And again I will sum up why atheists cannot just “say yes” to your question.

It doesn’t make any fucking sense.

To be fair, that didn't stop the Poms from saying "yes" to Brexit, nor the Seppos from saying "yes" to a Trump presidency.

People embrace lots of ideas that don't make any fucking sense. There's no global shortage of gullible morons.
 
I see your dilemma. There are a lot of family members of mine that are no longer here now. As sad as it is not seeing them... I can cope with it. People usually do.

I don't know how you cope with the prospect of spending an eternity worshipping a psychopath who straight up annihilates people just because they didn't believe in him.

Do people in Heaven get to choose annihilation if they ever get tired of dealing with Jesus' bullshit?

"You know Jesus, this constant worship is getting tedious, and I don't think I can go another thousand years without having a wank. Any chance you can magic me out of existence?"

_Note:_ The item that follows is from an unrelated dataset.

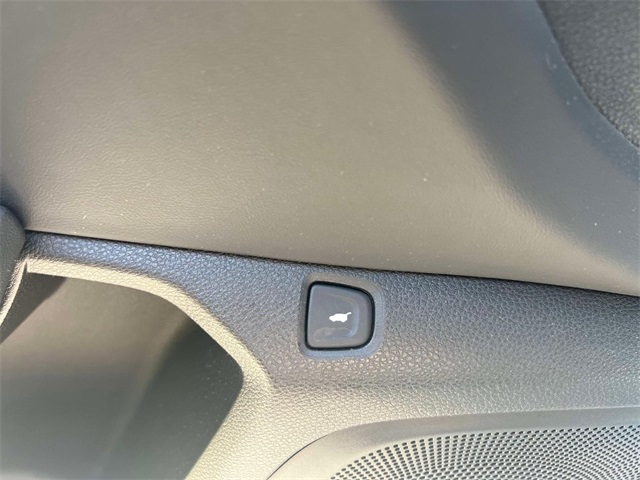 used 2022 Acura RDX car, priced at $33,178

Thats the difference then isn't it? I don't agree with your theological representation. As your post portrays.. It's not for you. But cheers, you've answered the OP question.

Going a little more in-depth, everyone is family in heaven. The emphasis on that (the treating each individual as your brother and sister etc.) is throughout the bible. Context relationship.. God & Jesus ARE your kin!

LOL, "everyone is family in heaven", except, you know, your actual family and friends who aren't there because your new daddy torched them out of existence.
 
I see your dilemma. There are a lot of family members of mine that are no longer here now. As sad as it is not seeing them... I can cope with it. People usually do.

I don't know how you cope with the prospect of spending an eternity worshipping a psychopath who straight up annihilates people just because they didn't believe in him.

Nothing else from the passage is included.